Man kann die Grandezza von ´Our Raw Heart´ wohl zu einem Gutteil mit den jüngsten gesundheitlichen Höllenritten von Mastermind Mike Scheidt erklären. Dieser durchlitt mit Divertikulitis eine lebensbedrohliche Erkrankung des Dickdarms, die ihn monatelang ans Bett fesselte und seinen im Lauf der Jahre durch Drogen und Medikamente schon beanspruchten Körper stark schwächte. Ungewiss war, ob er jemals wieder zu seiner Berufung – als Musiker mit Herz und Seele – zurückkehren konnte. Konnte er. Dank der Unterstützung auch aus der Szene. So erhielt er von einem Gitarrenbauer ein eigens geschaffenes Instrument, das ein gewisses Gewicht nicht überschritt. Nur damit durfte er mit ärztlicher Duldung musizieren. Und weil Scheidt nicht wusste, ob dies seine letzten Möglichkeiten mit einer Sechssaitigen waren, komponierte er wie im Wahn. Jedes Riff hätte das letzte sein können, jeder Lick bald ganz unmöglich, weil der Körper einfach nicht mehr mitmacht. Alles wendete sich dann zum Besseren – mit dem Ergebnis, dass ´Our Raw Heart´ künftig im Doom Metal als Referenzwerk dienen wird. Und seinen Platz verdient hat im Olymp – unter anderem neben BLACK SABBATH – ´Master Of Reality´ (1971), CANDELMASS – ´Epicus Doomicus Metallicus´ (1986) und SOLITUDE AETURNS – ´Beyond The Crimson Horizon´ (1992).

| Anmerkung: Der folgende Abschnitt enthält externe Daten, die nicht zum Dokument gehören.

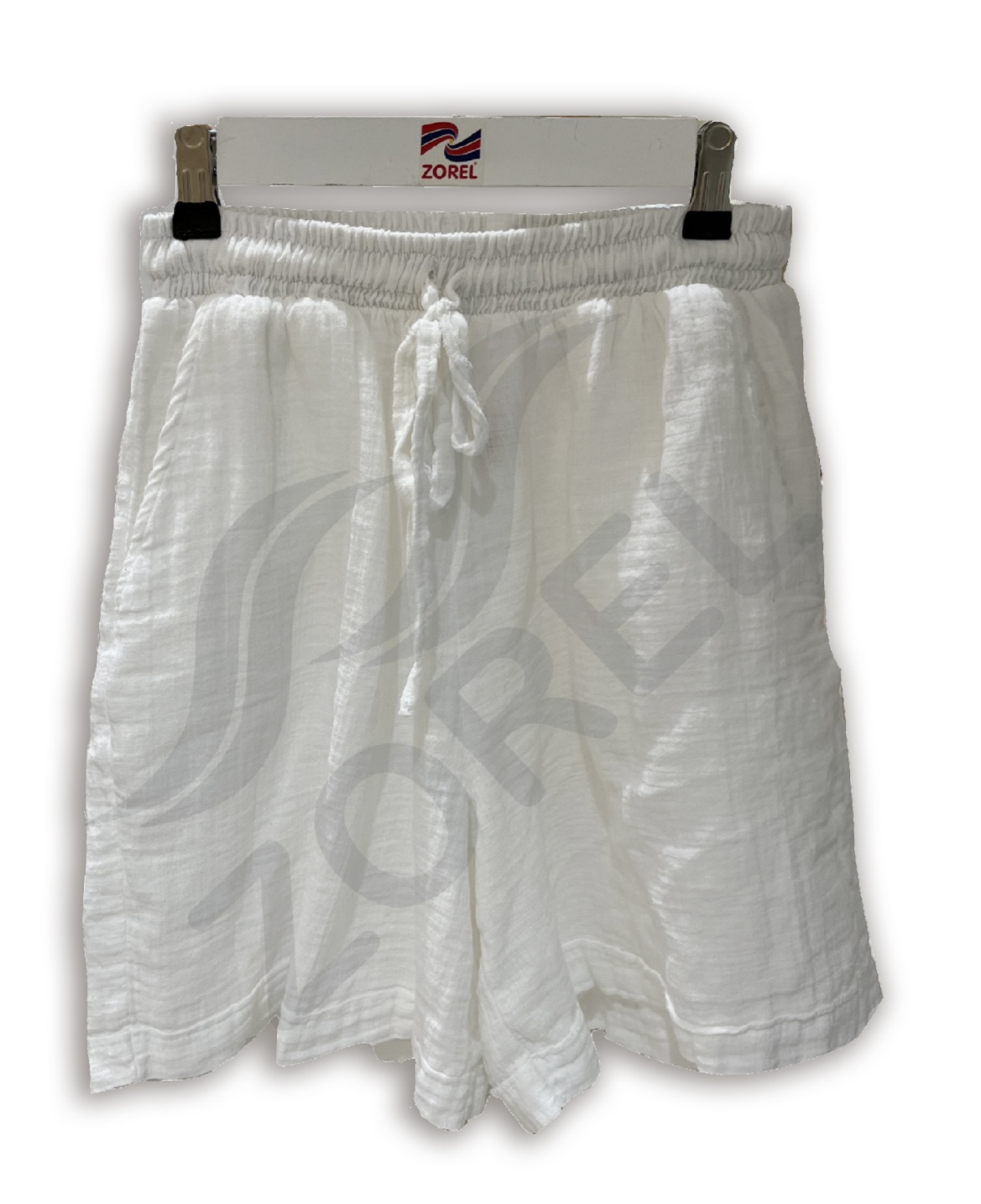 Muslin Short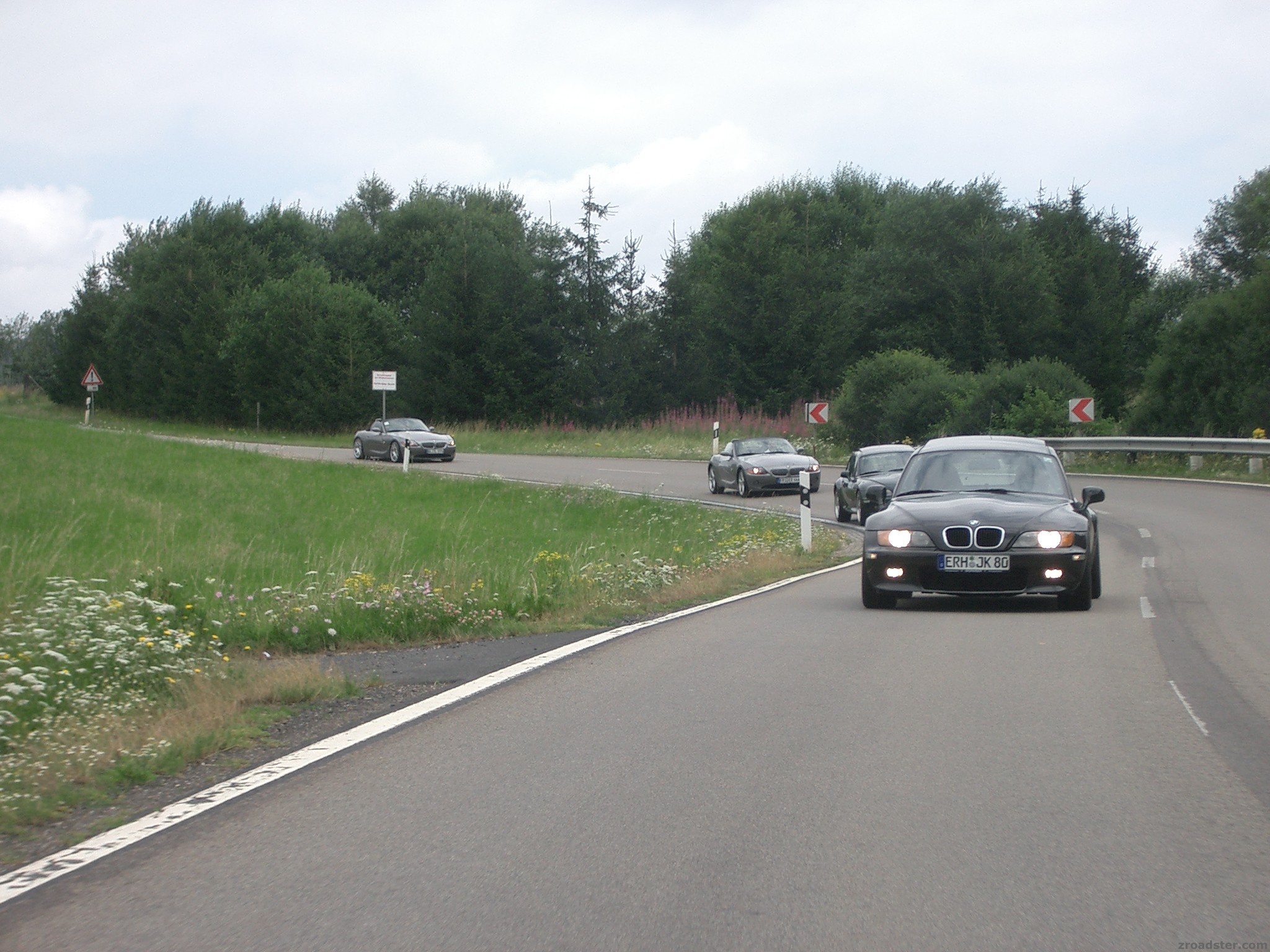 GMT-Treffen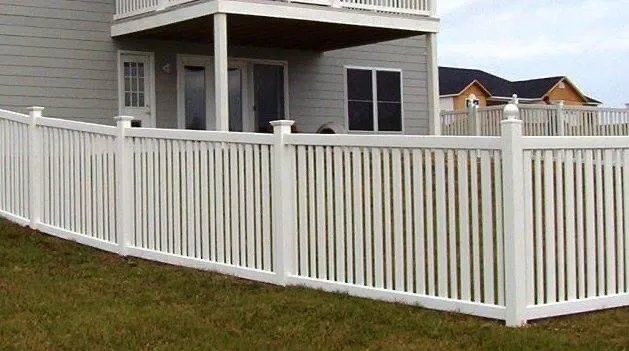 Reliable landscape installation with custom design in Bunnell, FL by Ab Fencing and Landscaping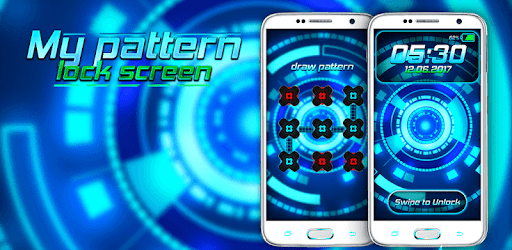 My Pattern Lock Screen for PC - How to Install on Windows PC, Mac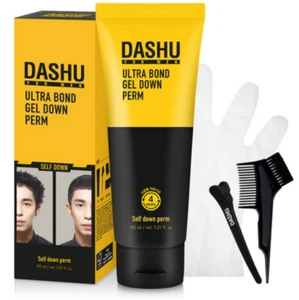 Dashu for Men Premium Ultra Bond Gel Daunen Dauerwelle 150 ml, 1ea, k-beauty - Bild 1 von 10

Zwei Glanzlichter zum Überzeugenlassen, wenn ihr keine vollen 73 Minuten habt, vorerst nur Reinschnuppern könnt: ´The Screen´ lässt mit Stakkato-Riffing die alte OBSESSED-Schule aufleben – mit einem intensiven Chorus bzw. einer Coda, der auch NEUROSIS gut zu Gesichte stünde. Exzellente Gitarrenarbeit on top. Oder diese Doom-Ballade, die euch das Herz zerreißen wird: Fast 17 Minuten lang zeigt ´Beauty In Falling Leaves´, was Ausnahmemusiker zu Stande bringen, die Emotionen und Extreme authentisch verarbeiten und so kreativ wie versiert ausbalancieren können, dass die Harmonien nahezu jeden Zuhörer ergreifen, jedes Mal aufs Neue. Da dürften höchstens nur noch WARNING mithalten. Das ist große Kunst – und verdeutlicht: Was dich nicht umbringt, macht dich nicht nur härter, sondern auch noch sensibler für das, was du am besten kannst. YOB zeigen auf ´Our Raw Heart´, dass sie ihre Talente jetzt voll ausschöpfen. Und wir sind dankbar.